I grew up in a haze of cigarette smoke. My dad (emphysema) went through three packs a day. My mom (lung cancer) went through two packs a day. And I myself have respiratory problems that, let's face it, are probably attributable to secondhand smoke. But I'm not such an anti-smoking fiend that I wasn't able to enjoy Thank You for Smoking, Jason Reitman's satiric comedy about a tobacco-industry lobbyist who actually seems to feel good about what he does for a living. Nick Naylor (Aaron Eckhart) is handsome in a business-suit, expensive-haircut sort of way. And boy can he present an argument. Defending the indefensible, he has an answer for everything, and it doesn't matter whether it's the right answer or not. It doesn't even matter whether he believes the answer. It only matters that he has an answer, a rejoinder, a witty retort. My parents would have loved the guy.
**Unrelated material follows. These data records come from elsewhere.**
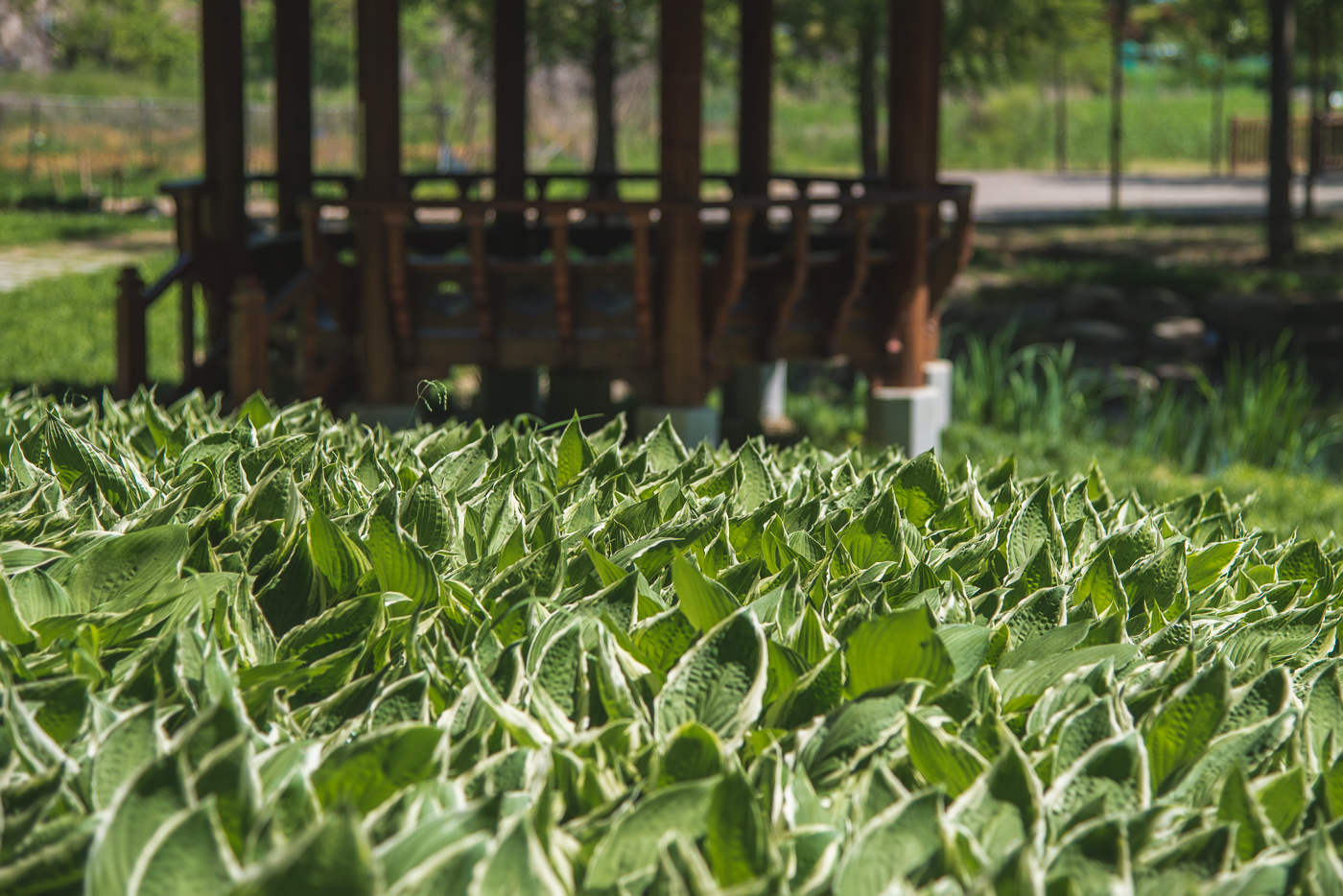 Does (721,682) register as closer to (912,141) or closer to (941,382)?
(912,141)

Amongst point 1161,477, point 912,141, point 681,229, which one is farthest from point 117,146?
point 1161,477

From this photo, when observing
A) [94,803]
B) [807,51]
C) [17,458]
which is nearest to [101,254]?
[807,51]

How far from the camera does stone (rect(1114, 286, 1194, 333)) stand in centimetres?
1255

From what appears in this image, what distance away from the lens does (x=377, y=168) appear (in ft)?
20.4

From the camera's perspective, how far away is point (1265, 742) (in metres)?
1.54

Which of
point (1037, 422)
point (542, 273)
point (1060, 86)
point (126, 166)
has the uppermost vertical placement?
point (1060, 86)

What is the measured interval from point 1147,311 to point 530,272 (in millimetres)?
7979

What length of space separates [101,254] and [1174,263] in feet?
43.9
And you may too. Based on Christopher Buckley's 1994 novel, which, taking on the smoking/anti-smoking debate, let both sides have it with both barrels, Thank You for Smoking is refreshingly un-PC. It doesn't exactly praise Naylor, who would do anything for a cigarette, but it doesn't exactly condemn him either. And his personality seems to consist of equal parts charm and smarm. Yes, he'd say just about anything to further the noble cause of Big Tobacco, but he'd be the first to admit that; he's sincerely insincere. Early on in the movie, he makes a what-my-dad-does-for-a-living appearance at his son's school, and before you've gotten over the shock of a man convincing a group of kids that the jury's still out on the dangers of smoking, he's framed the discussion in terms of children's need to think for themselves. He has all the answers. It's the questions that give him trouble.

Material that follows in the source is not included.